■ Dataset extract ■
*****

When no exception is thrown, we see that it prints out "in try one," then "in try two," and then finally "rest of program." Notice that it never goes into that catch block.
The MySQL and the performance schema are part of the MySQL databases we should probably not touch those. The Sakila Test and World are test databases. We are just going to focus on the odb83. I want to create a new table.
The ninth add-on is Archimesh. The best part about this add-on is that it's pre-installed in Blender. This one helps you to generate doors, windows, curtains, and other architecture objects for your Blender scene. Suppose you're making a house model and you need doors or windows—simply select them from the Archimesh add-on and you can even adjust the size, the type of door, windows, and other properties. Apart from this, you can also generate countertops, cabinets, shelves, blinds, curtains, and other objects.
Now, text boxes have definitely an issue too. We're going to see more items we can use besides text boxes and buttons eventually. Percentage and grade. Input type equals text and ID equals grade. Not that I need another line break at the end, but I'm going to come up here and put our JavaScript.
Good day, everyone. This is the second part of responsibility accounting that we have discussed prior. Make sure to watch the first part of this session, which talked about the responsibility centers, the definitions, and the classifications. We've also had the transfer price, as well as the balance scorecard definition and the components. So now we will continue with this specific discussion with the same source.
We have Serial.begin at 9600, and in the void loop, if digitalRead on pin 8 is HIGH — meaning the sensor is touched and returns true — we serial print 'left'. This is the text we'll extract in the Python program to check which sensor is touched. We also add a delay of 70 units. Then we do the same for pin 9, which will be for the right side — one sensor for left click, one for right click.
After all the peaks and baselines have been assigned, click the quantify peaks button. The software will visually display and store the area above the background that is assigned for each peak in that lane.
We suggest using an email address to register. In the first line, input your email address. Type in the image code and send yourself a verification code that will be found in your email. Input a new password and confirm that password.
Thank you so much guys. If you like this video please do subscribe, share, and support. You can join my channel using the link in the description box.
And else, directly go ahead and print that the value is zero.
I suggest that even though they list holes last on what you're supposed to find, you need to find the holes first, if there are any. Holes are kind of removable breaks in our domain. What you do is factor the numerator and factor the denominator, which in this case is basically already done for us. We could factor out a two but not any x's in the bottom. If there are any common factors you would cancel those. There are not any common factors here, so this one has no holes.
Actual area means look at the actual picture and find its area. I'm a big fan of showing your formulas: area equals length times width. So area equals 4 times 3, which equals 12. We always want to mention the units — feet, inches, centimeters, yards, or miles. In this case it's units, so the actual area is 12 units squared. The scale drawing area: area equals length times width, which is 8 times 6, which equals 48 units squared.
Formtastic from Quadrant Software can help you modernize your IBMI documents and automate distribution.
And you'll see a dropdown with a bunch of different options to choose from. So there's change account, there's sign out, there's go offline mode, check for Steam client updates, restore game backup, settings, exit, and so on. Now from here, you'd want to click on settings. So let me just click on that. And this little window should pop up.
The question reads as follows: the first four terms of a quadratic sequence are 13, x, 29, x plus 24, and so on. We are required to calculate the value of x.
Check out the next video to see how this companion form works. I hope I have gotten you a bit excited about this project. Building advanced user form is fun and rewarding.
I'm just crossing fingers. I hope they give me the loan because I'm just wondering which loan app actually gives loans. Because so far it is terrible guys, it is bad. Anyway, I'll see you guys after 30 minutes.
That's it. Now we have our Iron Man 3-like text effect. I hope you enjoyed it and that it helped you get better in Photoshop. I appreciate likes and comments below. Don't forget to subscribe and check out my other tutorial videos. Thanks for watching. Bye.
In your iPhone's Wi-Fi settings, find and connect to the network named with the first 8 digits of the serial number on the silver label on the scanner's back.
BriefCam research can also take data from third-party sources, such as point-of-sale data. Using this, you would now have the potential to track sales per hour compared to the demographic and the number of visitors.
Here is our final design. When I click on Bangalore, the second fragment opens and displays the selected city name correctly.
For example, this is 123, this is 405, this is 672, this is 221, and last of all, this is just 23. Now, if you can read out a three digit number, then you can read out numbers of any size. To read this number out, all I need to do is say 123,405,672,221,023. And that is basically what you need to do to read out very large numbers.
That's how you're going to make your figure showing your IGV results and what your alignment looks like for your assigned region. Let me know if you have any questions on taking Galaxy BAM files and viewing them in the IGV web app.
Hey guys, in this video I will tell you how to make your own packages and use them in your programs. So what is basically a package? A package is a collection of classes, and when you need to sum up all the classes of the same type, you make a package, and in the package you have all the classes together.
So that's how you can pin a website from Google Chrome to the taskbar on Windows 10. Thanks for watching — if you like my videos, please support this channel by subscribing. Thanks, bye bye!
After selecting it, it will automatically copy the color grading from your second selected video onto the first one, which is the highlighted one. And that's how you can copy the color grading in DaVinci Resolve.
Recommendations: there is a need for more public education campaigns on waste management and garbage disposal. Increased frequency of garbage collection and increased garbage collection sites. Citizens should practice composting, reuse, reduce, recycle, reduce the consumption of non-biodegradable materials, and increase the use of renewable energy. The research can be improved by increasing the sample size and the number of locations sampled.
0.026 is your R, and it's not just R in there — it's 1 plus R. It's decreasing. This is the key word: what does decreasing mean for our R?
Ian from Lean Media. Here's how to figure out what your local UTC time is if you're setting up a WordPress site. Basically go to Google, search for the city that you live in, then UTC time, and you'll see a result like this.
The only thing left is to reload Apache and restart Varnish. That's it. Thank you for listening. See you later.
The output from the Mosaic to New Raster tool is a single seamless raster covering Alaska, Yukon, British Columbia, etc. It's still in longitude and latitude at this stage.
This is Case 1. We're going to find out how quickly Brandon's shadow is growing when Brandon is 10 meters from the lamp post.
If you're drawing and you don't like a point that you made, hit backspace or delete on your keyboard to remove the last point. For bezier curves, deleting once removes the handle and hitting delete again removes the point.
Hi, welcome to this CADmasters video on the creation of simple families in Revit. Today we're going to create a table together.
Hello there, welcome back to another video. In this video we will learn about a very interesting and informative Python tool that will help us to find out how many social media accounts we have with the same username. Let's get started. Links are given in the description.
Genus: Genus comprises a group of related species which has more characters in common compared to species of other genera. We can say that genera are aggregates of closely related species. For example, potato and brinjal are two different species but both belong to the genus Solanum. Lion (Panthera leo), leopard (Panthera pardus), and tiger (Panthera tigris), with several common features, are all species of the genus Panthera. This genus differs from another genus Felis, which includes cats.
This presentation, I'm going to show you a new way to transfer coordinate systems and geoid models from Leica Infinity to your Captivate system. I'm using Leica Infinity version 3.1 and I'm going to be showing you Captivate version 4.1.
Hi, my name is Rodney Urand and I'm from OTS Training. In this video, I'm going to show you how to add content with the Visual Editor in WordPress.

*****

■ What is expected ■
Which lines of the records contain "videos"? Show each of them.

■ Output for this task ■
That's it. Now we have our Iron Man 3-like text effect. I hope you enjoyed it and that it helped you get better in Photoshop. I appreciate likes and comments below. Don't forget to subscribe and check out my other tutorial videos. Thanks for watching. Bye.
So that's how you can pin a website from Google Chrome to the taskbar on Windows 10. Thanks for watching — if you like my videos, please support this channel by subscribing. Thanks, bye bye!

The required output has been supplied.